Название: Neither Wolf Nor Dog
Автор: Kent Nerburn
Издательство: Ingram
Жанр: Биографии и Мемуары
Серия: Canons
isbn: 9781786890184
isbn:
This is exactly what Dan and Grover and all the others would never let me do. They remained resolutely and unashamedly themselves, and demanded that I do the same. Whenever I stepped across the boundary I was slapped down. They refused to let me slip into glib generalizations that would mute their individuality. I was asked to recognize their common Indianness, but was constantly reminded that this did not mean I could invest them with a common identity that would reduce them to collective objects of sympathy or pity or veneration.
Consequently, they never let me surround them with my own thinking or understanding. Every time I tried to do so, or every time I found myself doing so unconsciously, they would turn my reality on its head. They would trick me, they would test me, they would ambush me, they would enrage me. They literally and figuratively kidnapped me, and would not let me go until I paid the ransom of giving up my own way of understanding. They wanted me to realize that I had walked through Alice’s keyhole, and the world I had entered was not mine to reduce to the size and shape of my own understanding. Yet, through it all, they cared for me as I cared for them, and when we finally parted on that dusty, Dakota roadside, we parted as family, and no one could ever take that away from us.

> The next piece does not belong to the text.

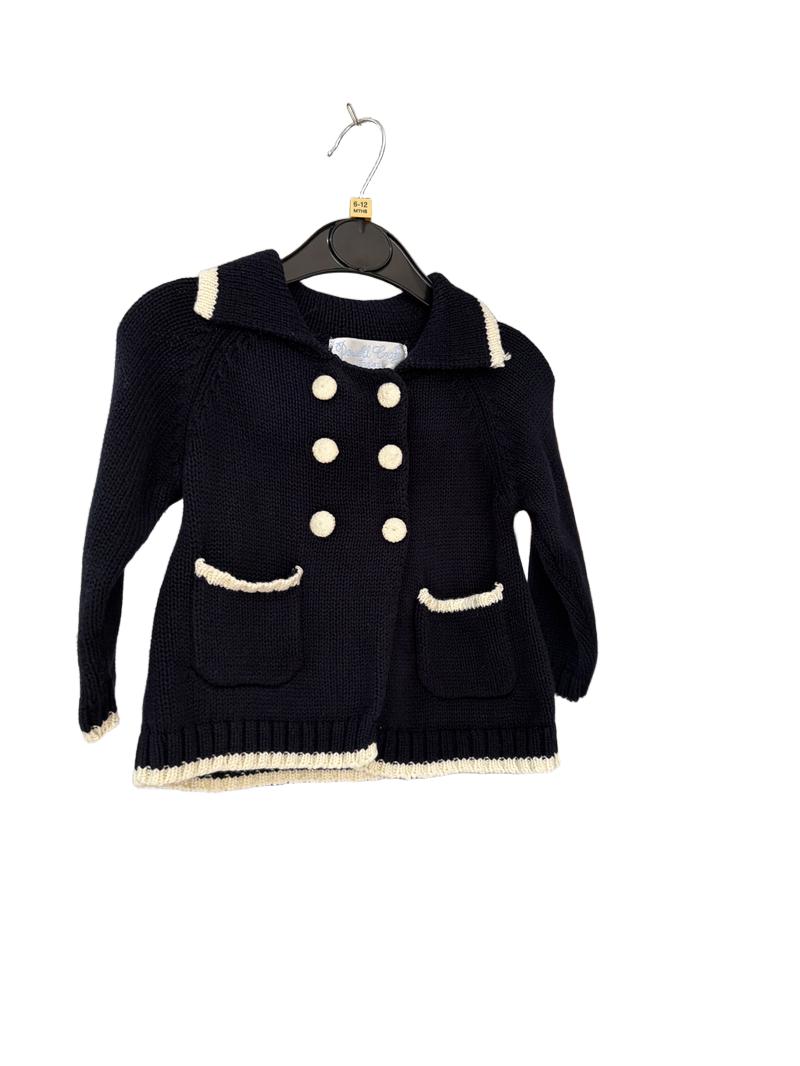 Preloved Powell Craft England - Black And White Knit Button Up Coat. (6-12m)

This, I believe, is why that man who came to my house could finally speak to his wife and children. This is why Indians and whites alike have embraced this book, and why it continues to work in the many unseen and unlikely corners of the earth where it finds a home. It is a book about acknowledging differences while seeking understanding, about standing on the angers and sadnesses and broken dreams and promises that separate us, and reaching across to become brothers and sisters and part of the common human family. It is about allowing ourselves to be seen, just as that buffalo on the hillside allowed me to see him, and trusting that those who see us will honor what they see, and treat it with gentleness and respect. In short, it is about faith — in ourselves, in others, and in the common humanity that lies beneath our many differences.
Can there be any message more enduring, or any message more needed, as we try to save this fragile planet, and to move it forward from its bloody and tearstained past toward a more humane and hopeful future?
Kent Nerburn
Bemidji, Minnesota
Spring 2002
INTRODUCTION
“Let us put our minds together and see what kind of life we can make for our children.”
— Sitting Bull
It was on a motorcycle ride, several years before this book was even an idea in my mind, that the seed for it was actually planted.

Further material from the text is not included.